DIRECTIONS FOR THIS TASK - Only the pictures are to be left out; the listing itself is repeated exactly.

SUPPLIED INFORMATION -
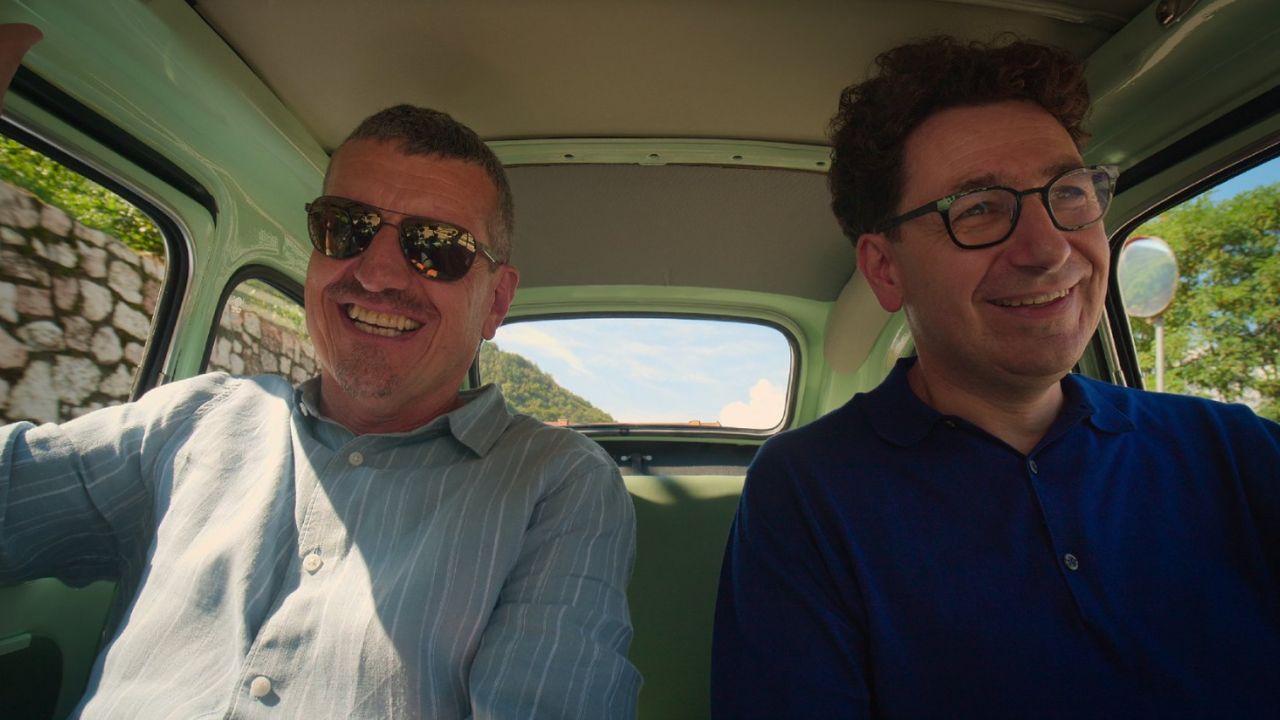 5 Highlights of Netflix's Drive to Survive Season 5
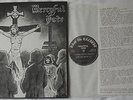 MERCYFUL FATE - 'Nuns Have No Fun' /  'A Corpse Without Soul'  original  12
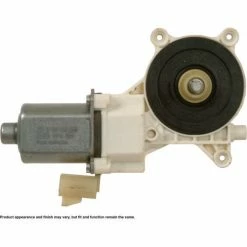 Remanufactured Window Lift Motor, Cardone Reman 42-1023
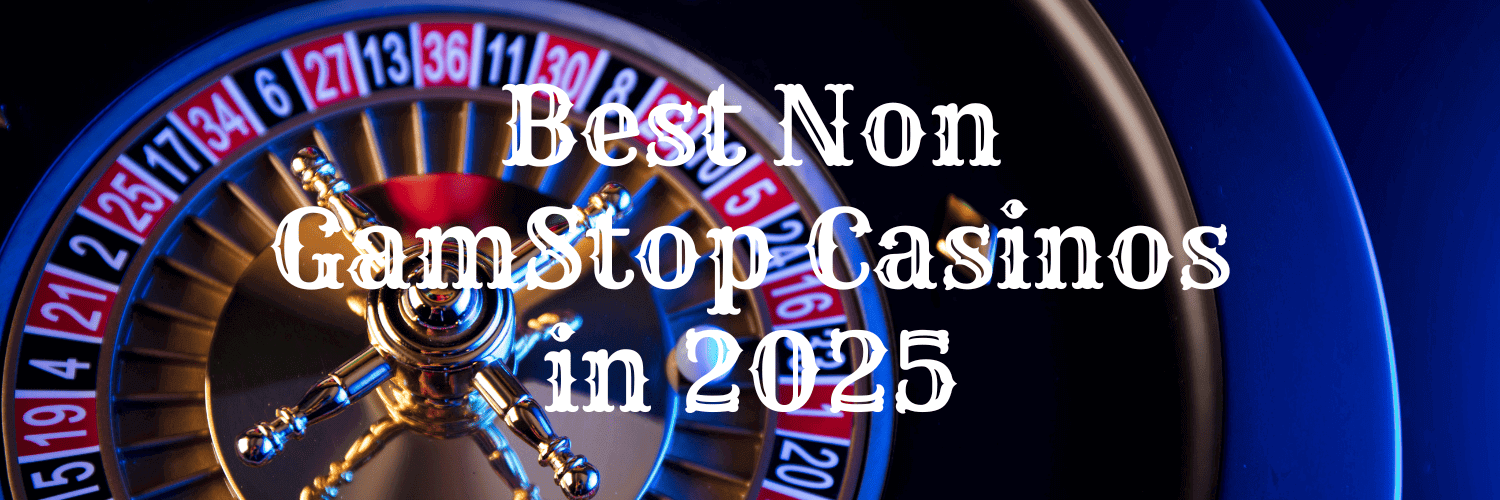 Exploring Non Gamstop UK Casinos Your Guide to Alternative Online Gaming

WRITTEN SOLUTION -
 5 Highlights of Netflix's Drive to Survive Season 5
 MERCYFUL FATE - 'Nuns Have No Fun' /  'A Corpse Without Soul'  original  12
 Remanufactured Window Lift Motor, Cardone Reman 42-1023
 Exploring Non Gamstop UK Casinos Your Guide to Alternative Online Gaming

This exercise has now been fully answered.